OUR TAKE: Once a formal enforcement proceeding commences, any misstatements under oath can lead to criminal proceedings for perjury or lying to a regulator. It’s always wise to ensure that the lawyer defending the enforcement action has sensitivity to the possible criminal prosecution implications. An enforcement action may results in fines and industry bars, but criminal proceedings could result in jail time.
The full SEC dismissed an enforcement case against a self-directed IRA custodian because it had no fiduciary or other obligation to investigate the merits of underlying investments. The custodian held assets that ultimately turned out to be Ponzi schemes, but the SEC opined that the custodian, which was not registered as an investment adviser or broker-dealer, had no implied duty to conduct due diligence in the absence of actual knowledge of red flags suggesting misconduct. The SEC cited the custodian’s low per account fees and its client agreements which specifically disclaimed any fiduciary obligation. The SEC determined that the firm acted as a reasonably prudent passive self-directed IRA custodian, as determined by governing state law.
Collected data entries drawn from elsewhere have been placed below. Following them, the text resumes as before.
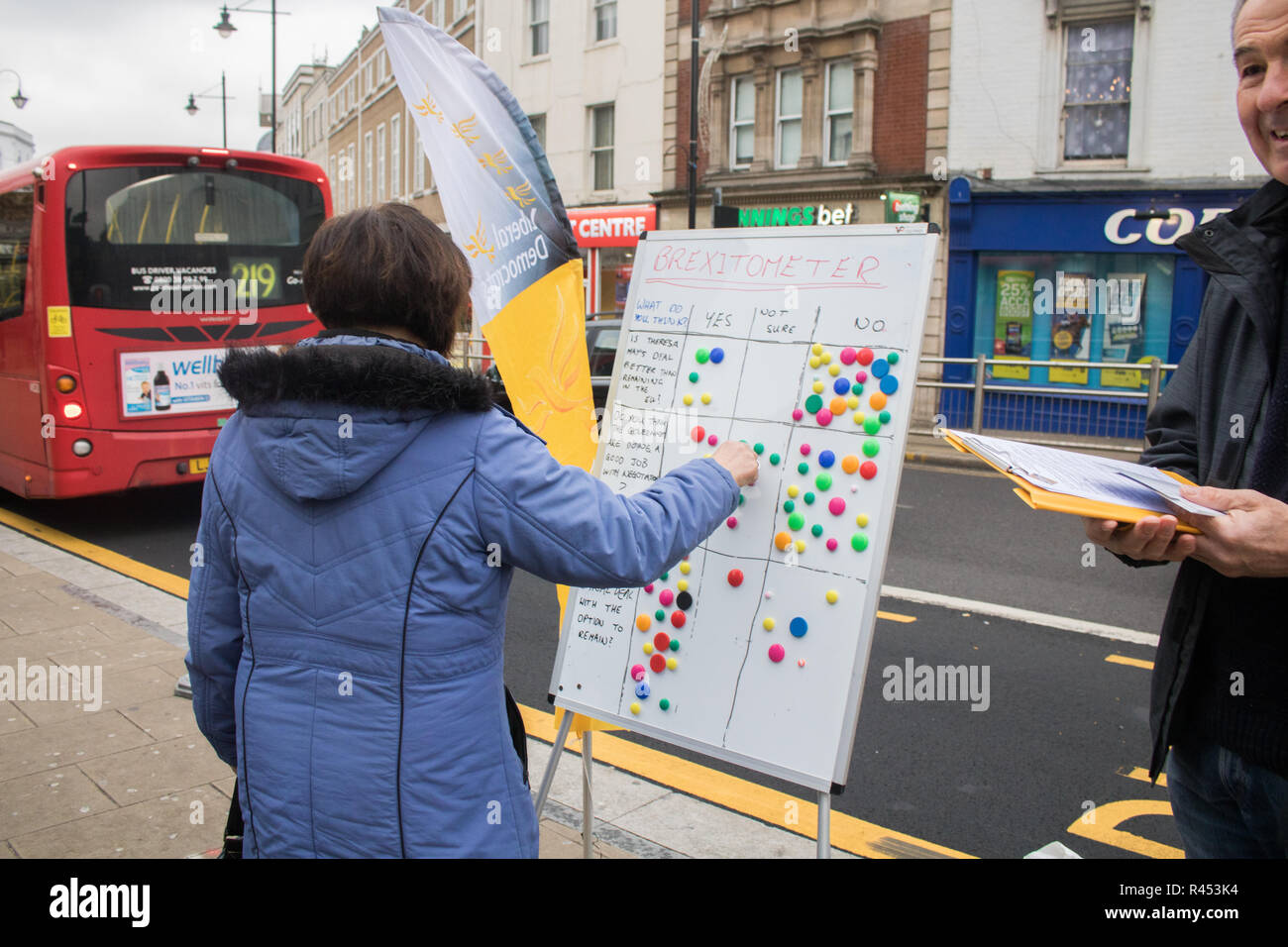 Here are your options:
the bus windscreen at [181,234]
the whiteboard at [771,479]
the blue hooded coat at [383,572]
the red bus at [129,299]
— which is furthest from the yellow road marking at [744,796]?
the bus windscreen at [181,234]

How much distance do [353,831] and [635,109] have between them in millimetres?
21187

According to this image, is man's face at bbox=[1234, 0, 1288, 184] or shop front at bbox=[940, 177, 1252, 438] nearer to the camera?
man's face at bbox=[1234, 0, 1288, 184]

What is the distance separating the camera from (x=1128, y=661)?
18.1ft

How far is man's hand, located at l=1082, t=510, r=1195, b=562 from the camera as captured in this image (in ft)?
5.48

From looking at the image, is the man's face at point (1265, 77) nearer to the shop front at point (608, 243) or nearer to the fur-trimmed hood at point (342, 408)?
the fur-trimmed hood at point (342, 408)

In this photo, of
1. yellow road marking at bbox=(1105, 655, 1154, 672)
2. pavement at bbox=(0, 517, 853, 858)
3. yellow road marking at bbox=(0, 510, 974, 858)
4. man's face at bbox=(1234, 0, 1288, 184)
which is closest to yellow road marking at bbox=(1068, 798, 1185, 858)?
yellow road marking at bbox=(0, 510, 974, 858)

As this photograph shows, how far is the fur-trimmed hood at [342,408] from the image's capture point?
1724 mm

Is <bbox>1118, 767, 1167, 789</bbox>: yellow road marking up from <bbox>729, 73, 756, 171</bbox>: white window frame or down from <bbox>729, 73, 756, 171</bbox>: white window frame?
down

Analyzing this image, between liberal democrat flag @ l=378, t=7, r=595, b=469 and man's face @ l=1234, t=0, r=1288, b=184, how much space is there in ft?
6.77

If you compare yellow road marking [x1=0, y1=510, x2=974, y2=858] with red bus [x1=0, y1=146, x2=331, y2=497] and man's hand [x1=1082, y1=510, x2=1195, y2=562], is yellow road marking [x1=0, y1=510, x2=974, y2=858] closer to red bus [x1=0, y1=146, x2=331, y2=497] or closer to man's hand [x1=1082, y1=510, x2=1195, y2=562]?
man's hand [x1=1082, y1=510, x2=1195, y2=562]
The SEC dismissed the appeal of the Enforcement Division from a similar finding by the Administrative Law Judge.
OUR TAKE: The full SEC came to the right decision on the law given the Enforcement Division’s dubious legal theory that could encompass almost any third party actor in any way connected to a fraudulent transaction. (See https://cipperman.com/2015/06/17/sec-takes-action-against-ira-custodian/.) Unfortunately, it took the respondent more than 2 years to clear its name. Third party service providers would be better off conducting due diligence and avoiding any SEC entanglements altogether.
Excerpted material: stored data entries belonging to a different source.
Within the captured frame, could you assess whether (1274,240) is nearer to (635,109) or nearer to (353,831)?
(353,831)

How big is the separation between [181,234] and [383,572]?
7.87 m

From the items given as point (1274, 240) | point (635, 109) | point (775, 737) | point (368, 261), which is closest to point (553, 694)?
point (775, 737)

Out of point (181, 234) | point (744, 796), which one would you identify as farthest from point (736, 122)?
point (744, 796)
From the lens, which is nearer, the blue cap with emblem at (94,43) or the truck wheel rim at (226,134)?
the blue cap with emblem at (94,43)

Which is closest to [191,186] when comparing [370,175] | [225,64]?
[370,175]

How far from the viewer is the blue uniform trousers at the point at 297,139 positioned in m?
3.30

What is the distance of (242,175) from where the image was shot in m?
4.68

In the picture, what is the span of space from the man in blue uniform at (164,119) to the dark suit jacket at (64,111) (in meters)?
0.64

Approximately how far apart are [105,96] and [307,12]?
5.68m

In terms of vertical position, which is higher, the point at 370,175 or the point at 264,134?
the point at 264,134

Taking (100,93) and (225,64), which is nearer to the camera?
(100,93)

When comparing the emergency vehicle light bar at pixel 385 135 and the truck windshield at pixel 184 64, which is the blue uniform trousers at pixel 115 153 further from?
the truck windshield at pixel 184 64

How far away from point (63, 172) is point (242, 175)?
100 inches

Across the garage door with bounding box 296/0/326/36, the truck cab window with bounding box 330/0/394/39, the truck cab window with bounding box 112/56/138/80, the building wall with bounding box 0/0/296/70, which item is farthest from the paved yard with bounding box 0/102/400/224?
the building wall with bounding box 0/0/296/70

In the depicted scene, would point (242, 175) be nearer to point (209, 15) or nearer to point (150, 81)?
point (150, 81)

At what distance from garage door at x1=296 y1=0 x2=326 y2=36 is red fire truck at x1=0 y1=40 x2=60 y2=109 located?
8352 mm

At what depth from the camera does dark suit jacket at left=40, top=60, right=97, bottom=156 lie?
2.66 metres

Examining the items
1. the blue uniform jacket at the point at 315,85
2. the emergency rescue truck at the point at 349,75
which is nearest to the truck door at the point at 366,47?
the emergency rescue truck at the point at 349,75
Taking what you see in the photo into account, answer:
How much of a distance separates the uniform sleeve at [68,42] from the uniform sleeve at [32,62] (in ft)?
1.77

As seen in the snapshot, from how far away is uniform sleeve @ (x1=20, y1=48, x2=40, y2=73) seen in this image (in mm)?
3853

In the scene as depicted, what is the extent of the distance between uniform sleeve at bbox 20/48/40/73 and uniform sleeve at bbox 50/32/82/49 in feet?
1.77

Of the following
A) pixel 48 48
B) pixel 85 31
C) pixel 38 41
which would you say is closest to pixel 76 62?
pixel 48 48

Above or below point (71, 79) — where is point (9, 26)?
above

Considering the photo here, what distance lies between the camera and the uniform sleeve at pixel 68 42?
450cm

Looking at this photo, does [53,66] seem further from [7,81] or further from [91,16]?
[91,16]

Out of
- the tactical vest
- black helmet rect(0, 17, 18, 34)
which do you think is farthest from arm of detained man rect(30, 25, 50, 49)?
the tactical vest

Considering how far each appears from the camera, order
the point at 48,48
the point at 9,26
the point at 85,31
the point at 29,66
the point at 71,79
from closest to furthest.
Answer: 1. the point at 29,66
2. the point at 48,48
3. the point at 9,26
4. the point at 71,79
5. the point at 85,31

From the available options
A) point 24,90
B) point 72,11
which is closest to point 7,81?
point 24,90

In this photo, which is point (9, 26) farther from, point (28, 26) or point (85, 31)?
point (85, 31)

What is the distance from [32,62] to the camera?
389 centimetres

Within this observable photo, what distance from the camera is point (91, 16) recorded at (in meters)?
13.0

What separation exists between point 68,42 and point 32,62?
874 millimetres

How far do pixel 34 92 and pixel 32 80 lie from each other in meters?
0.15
The SEC fined and censured a public company for failing to register as an investment company because over 80% of its assets consisted in non-controlling interests in other OTC companies. The respondent changed business direction in 2014 and began purchasing OTC and private interests in marijuana related businesses, which came to represent more than 80% of its assets. In 2015, the company could not respond to SEC requests about investment company registration, which is required when investment securities exceed 40% of total assets. As a public company, the respondent could not rely on private offering exemptions (3(c)(1) or 3(c)(7)). As part of the settlement, the company agreed to register or pay a $5000 penalty for each month that the company failed to register.
OUR TAKE: Operating companies engaged in passive investing, which often occurs in emerging industries, must be aware of becoming an inadvertent investment company. Once total investment securities exceed about one-quarter of total assets, it’s time to consult a 1940 Act lawyer.
A valuation firm was censured and fined and its principal was fined and barred for misleading its investment firm client about how it valued European options. The valuation firm represented that it valued the options using independent data and Black-Scholes modeling. The SEC charges that the firm merely used the estimated valuations provided by the client and then applied formulaic ranges. The SEC asserts that the valuation firm acted as an unregistered investment adviser because it “provided advice…about the value of securities…in exchange for compensation.” Following therefrom, the SEC charged violations of Section 206(2) of the Advisers Act, which prohibits investment advisers form engaging in any fraudulent activity.
OUR TAKE: The SEC uses a tortured reading of the definition of “investment adviser” to hold accountable a third party valuation agent responsible for mis-pricing a fund. All service providers should beware that the SEC will seek to assert its authority through broad use of the securities laws.